I was sitting in my treestand in NE Arenac County near a 15+ acre clearcut that was covered in Blackberry brambles when I notice a Blonde Coyote sitting outside of a den. I thought it was a pretty cool thing to get to see. How rare are they? My uncle is getting stuff around to trap on the property because we have a bit of a Coyote and Fox problem, you should've heard them yipping and barking on opening night after dark.


----------



## ishootdeer (Oct 27, 2001)

Not too sure. I just watched one from my house laying in my cut soybean field this morning at 7:30am. At first, I thought it could be a fox because it was so light colored (almost a red color), but the size was too big. It stayed out there just laying in the field on the high portion of the field. It kept laying down then sitting up and looking around. It then just walked off.


----------



## TheMAIT (Nov 7, 2005)

I shot one on opening day. Felt really bad that I didn't get a great shot at it---it just popped up in front of me really close and suprised me...and I hate my scope. Anyway, hit it and it ran about 1/2 mile. I tracked that thing for 3 hours-because it was a beautiful animal-and I didn't want it to suffer. We have a horrible coyote problem. But it is wierd the colors that you see. We have some big black ones, a gray one was killed as well on opening day. Mine was so blonde it was almost white...and I have seen some brown and black marble-looking ones.
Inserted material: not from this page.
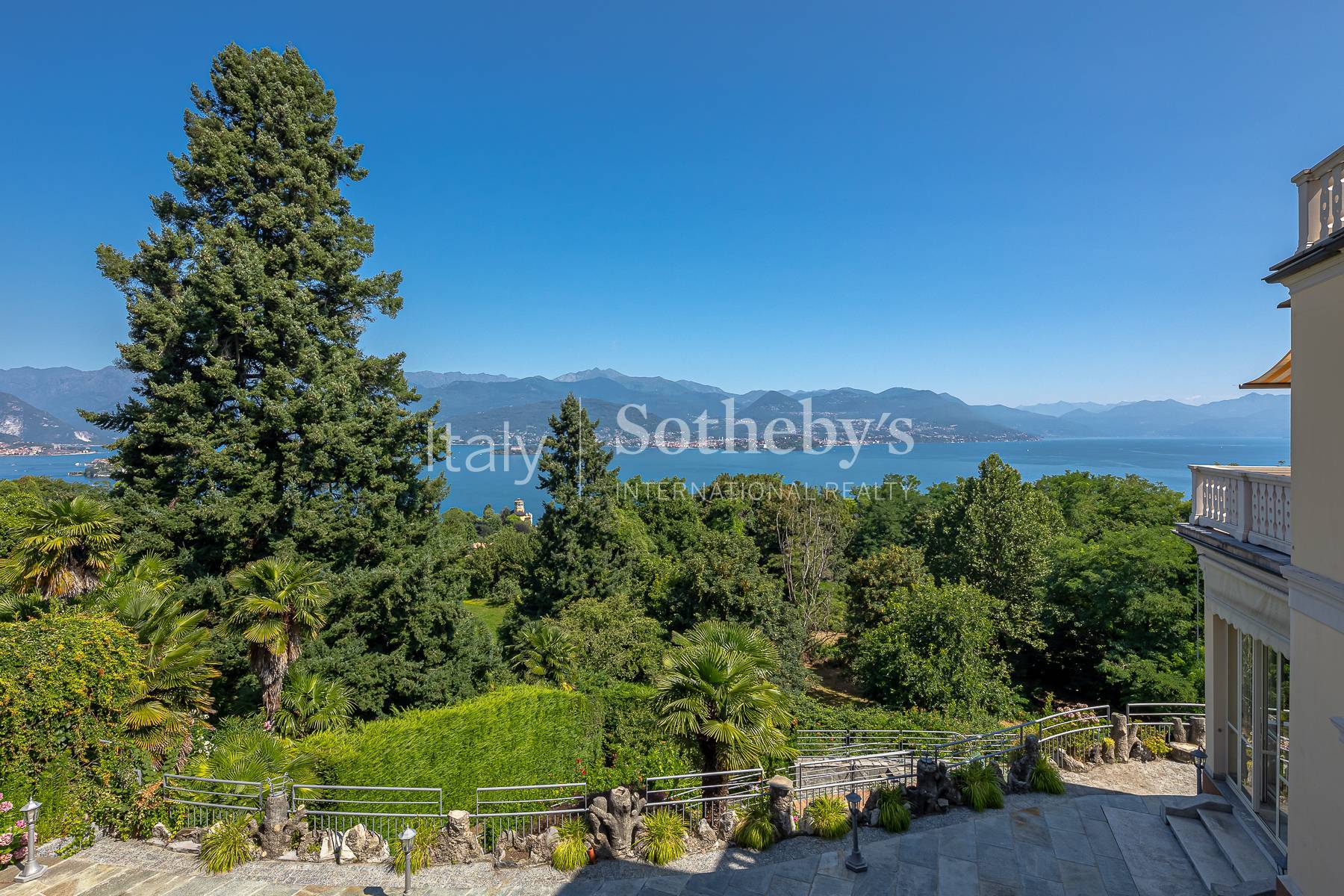  Historic Villa with Enchanting Views over Lake Maggiore - 物件實景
feel bad shooting them...but when you see them chasing down fawns....running up to people walking through the woods, or finding deer tails randomly in the woods...you know you have a coyote problem


----------



## MGV (Jan 22, 2002)

I have seen a few. They almost look like a lab mixed in with them.


----------



## GVSUKUSH (Mar 9, 2004)

MGV said:


> I have seen a few. They almost look like a lab mixed in with them.
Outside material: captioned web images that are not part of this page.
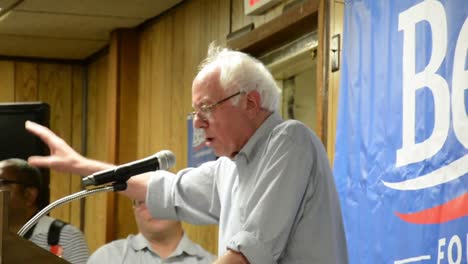 Socialist-Progressive-Democrat-Presidential-Candidate-Senator-Bernie-Sanders-Speaks-To-Union-Supporters,-Iowa-Caucus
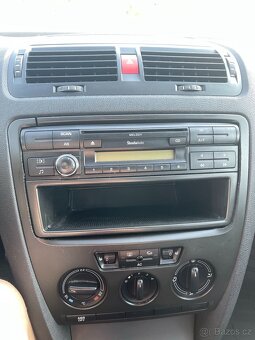 Auto bez registru/akontace-Škoda Octavia II 1.9TDI, 187 XXX - 6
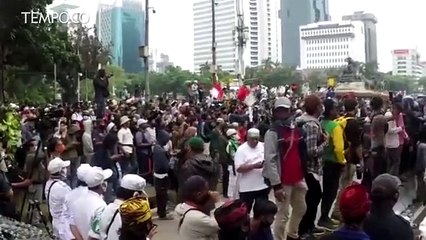 Perusuh Demo 1310 Omnibus Law Diduga Lemparkan Cairan Kimia ke Arah Polisi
That's what I thought too, a really light yellow lab with darker coloring around the face.


----------



## Big Reds (Oct 14, 2007)

Dont feel bad .... just take them out! Ive seen more and more dead deer as every year goes by eaten by yotes.


----------



## mwp (Feb 18, 2004)

More and more of a problem everywhere!!


----------



## 22 Chuck (Feb 2, 2006)

In MI the color vaires quite a bit. The light ones are more desirable. Out west most are light.


----------



## griffondog (Dec 27, 2005)

Last year about 25% of the coyotes were blonde in color. This year I'm running about 10%.

Griff


----------



## David G Duncan (Mar 26, 2000)

My experience has been like Grif's. About 20 to 25 % tend to be blonde or red color phase around here.


----------



## James Dymond (Feb 23, 2002)

Out of about 300 coyotes in the last 10 years just a little under 10% were reddish in color. Jim


----------